╔══

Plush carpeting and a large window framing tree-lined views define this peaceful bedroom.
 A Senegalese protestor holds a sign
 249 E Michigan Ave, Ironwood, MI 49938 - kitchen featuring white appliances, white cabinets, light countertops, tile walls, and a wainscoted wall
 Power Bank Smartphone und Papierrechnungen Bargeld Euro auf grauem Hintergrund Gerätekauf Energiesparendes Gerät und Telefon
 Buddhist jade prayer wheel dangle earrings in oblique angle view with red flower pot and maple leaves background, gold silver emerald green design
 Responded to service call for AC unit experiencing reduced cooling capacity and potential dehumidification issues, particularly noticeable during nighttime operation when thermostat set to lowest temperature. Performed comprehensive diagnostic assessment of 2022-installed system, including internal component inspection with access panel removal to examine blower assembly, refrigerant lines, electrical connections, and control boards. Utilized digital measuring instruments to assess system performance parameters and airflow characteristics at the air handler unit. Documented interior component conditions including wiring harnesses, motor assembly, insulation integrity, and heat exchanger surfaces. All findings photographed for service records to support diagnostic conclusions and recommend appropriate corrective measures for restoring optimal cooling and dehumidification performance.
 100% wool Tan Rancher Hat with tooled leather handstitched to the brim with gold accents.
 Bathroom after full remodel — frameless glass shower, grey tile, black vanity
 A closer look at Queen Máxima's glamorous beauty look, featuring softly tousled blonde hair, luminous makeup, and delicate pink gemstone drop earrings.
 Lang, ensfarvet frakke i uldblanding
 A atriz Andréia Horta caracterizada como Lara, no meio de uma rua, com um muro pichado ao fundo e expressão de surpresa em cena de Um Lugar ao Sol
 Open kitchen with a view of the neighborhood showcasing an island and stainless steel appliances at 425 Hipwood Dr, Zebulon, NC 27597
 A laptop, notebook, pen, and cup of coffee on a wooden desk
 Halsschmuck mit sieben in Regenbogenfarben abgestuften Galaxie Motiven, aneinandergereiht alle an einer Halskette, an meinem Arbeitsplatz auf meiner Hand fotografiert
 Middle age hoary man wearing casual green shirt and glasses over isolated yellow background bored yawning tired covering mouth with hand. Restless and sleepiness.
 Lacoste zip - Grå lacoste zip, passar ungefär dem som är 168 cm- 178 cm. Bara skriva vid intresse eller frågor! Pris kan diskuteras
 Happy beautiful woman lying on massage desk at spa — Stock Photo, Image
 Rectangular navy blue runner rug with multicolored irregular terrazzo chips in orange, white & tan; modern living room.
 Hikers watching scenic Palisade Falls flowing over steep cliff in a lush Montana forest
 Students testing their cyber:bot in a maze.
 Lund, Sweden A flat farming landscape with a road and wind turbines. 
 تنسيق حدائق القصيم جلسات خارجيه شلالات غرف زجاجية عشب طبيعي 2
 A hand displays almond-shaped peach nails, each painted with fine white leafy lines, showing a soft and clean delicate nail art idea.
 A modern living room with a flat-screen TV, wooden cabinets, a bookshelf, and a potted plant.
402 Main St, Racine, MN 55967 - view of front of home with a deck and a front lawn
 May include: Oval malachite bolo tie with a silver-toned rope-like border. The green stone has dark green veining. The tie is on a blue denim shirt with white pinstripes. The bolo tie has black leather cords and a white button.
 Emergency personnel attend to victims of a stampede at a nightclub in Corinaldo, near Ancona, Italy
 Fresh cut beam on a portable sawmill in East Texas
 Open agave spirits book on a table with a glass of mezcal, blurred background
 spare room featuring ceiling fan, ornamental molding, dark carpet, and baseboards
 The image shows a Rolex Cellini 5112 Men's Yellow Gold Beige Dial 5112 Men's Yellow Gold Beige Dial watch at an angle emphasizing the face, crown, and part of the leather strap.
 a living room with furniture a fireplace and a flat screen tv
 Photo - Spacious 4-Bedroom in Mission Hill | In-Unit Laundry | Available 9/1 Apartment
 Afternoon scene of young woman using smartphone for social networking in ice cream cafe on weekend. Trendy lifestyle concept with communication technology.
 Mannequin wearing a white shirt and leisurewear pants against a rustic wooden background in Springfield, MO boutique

╚══

__Exercise objective__: From the listing above, output exactly the run of lines that starts with the line containing "Buddhist jade prayer" and ends with the line containing "Happy beautiful woman".

__Exercise result__:
 Buddhist jade prayer wheel dangle earrings in oblique angle view with red flower pot and maple leaves background, gold silver emerald green design
 Responded to service call for AC unit experiencing reduced cooling capacity and potential dehumidification issues, particularly noticeable during nighttime operation when thermostat set to lowest temperature. Performed comprehensive diagnostic assessment of 2022-installed system, including internal component inspection with access panel removal to examine blower assembly, refrigerant lines, electrical connections, and control boards. Utilized digital measuring instruments to assess system performance parameters and airflow characteristics at the air handler unit. Documented interior component conditions including wiring harnesses, motor assembly, insulation integrity, and heat exchanger surfaces. All findings photographed for service records to support diagnostic conclusions and recommend appropriate corrective measures for restoring optimal cooling and dehumidification performance.
 100% wool Tan Rancher Hat with tooled leather handstitched to the brim with gold accents.
 Bathroom after full remodel — frameless glass shower, grey tile, black vanity
 A closer look at Queen Máxima's glamorous beauty look, featuring softly tousled blonde hair, luminous makeup, and delicate pink gemstone drop earrings.
 Lang, ensfarvet frakke i uldblanding
 A atriz Andréia Horta caracterizada como Lara, no meio de uma rua, com um muro pichado ao fundo e expressão de surpresa em cena de Um Lugar ao Sol
 Open kitchen with a view of the neighborhood showcasing an island and stainless steel appliances at 425 Hipwood Dr, Zebulon, NC 27597
 A laptop, notebook, pen, and cup of coffee on a wooden desk
 Halsschmuck mit sieben in Regenbogenfarben abgestuften Galaxie Motiven, aneinandergereiht alle an einer Halskette, an meinem Arbeitsplatz auf meiner Hand fotografiert
 Middle age hoary man wearing casual green shirt and glasses over isolated yellow background bored yawning tired covering mouth with hand. Restless and sleepiness.
 Lacoste zip - Grå lacoste zip, passar ungefär dem som är 168 cm- 178 cm. Bara skriva vid intresse eller frågor! Pris kan diskuteras
 Happy beautiful woman lying on massage desk at spa — Stock Photo, Image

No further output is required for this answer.